You ever wake up and go to your job and then come home and sit down and think “why the hell do I do this?” Yeah, me too. But then I think a boys gotta eat and a boys gotta have a roof etc. Art don’t pay the bills now does it. There’s sometimes a price to be paid for art. Some get by, like Picasso, and others like Van Gogh and Modigliani, well they had to die to get famous. As far as musicians are concerned they have their share too. Nick Drake comes to mind as someone who left behind a legacy longer than five leaves.
I’m fascinated by a lot of things but something that I really get into is people who work in multiple artistic mediums. On some level I’m like come on man just pick one and stick to it. That’s probably just jealousy. I can’t sing or play guitar and I couldn’t draw a decent stick figure with a gun to my head. So anyways I was very fascinated by the multi-genre artist Steve Coffey who paints as well as writes songs and records albums. He has ten to date. His latest is Paint Songs.
The record features guest players from Coffey’s longtime band The Lokels but this is the first record which he has recorded under his own name. The inspiration for the songs on Paint Songs are derived from his rural Alberta Canada homeland as well as his travels to Europe. And likely also his paintings.
Paint Songs opens with “In Paint” a wistful alt-country folk tune that has the leanings of an Irish folk song.
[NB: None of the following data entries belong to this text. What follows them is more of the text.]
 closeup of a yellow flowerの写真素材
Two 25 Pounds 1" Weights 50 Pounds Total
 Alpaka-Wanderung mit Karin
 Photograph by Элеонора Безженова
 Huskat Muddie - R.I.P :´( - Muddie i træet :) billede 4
We are then hit with the slow and intimate “Growing” on which Coffey laments tragically and truthfully “Time waits for no one.” This movement of time pervades the album as a whole even as the record picks up pace on the raucous Irish style drinking tune with a gyspsey flair on “Dust in the Bowl.” Things mellow out again on the folksy “Old Town Square” which has a calming and melancholy air to it.
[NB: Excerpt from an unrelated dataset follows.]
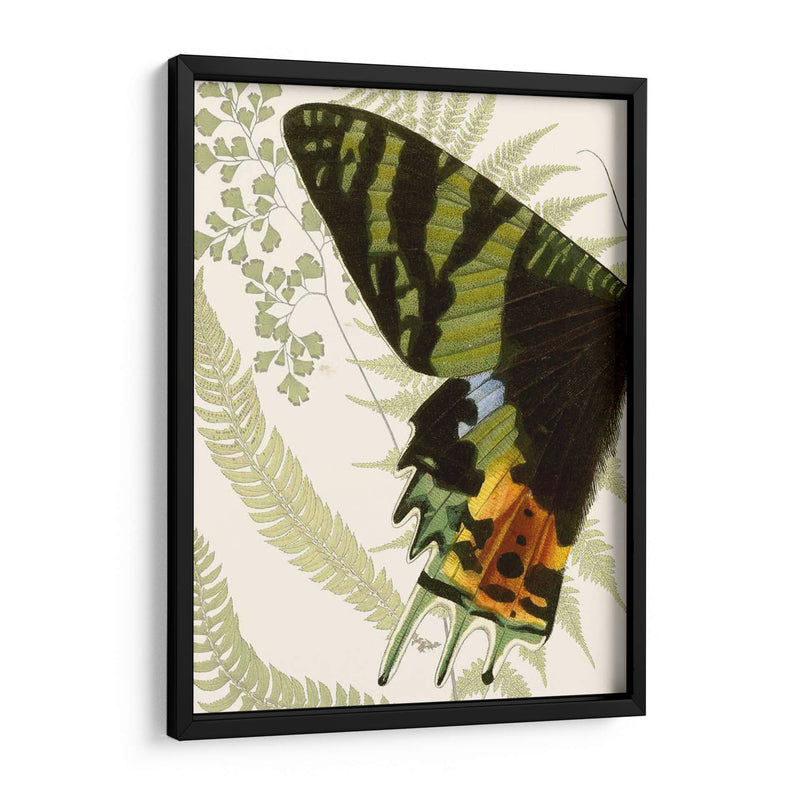 Simetría De Mariposa I - Vision Studio | Cuadro decorativo de Canvas Lab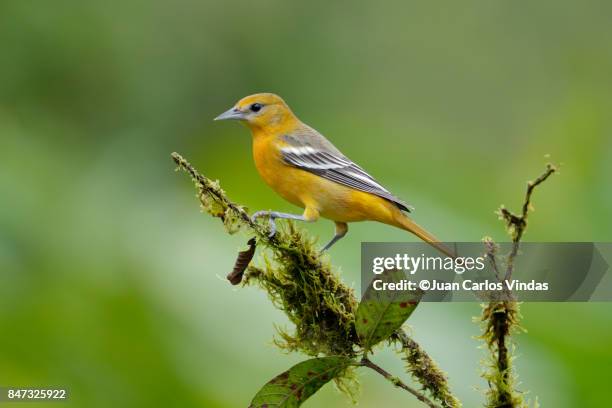 baltimore oriole - papafigo - fotografias e filmes do acervo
But just when you think that Coffey is a two trick pony he brings in the tickling and fun melody of “Ghost Farmers Dancing” a raggedy lo-fi romp that takes the record even further than previously thought. Then later he gives us the open air and poetic feeling of “Seeing Reflection,” a welcomed record scratch to what has come before, something which he also does in a fun and different way on “Colours.”
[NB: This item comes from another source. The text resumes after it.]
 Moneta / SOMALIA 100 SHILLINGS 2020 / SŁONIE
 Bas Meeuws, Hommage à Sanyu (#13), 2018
Paint Songs is not a hit record. It’s obtuse and colourful and hard at times to decipher. It asks a lot of its listener. It demands attention, just like any work of art does. It is a record for those who have enough patience and enough know how to realize that after a bit of poring over, the lines will eventually become clear, and the image will manifest, and it will be worth the wait in the end.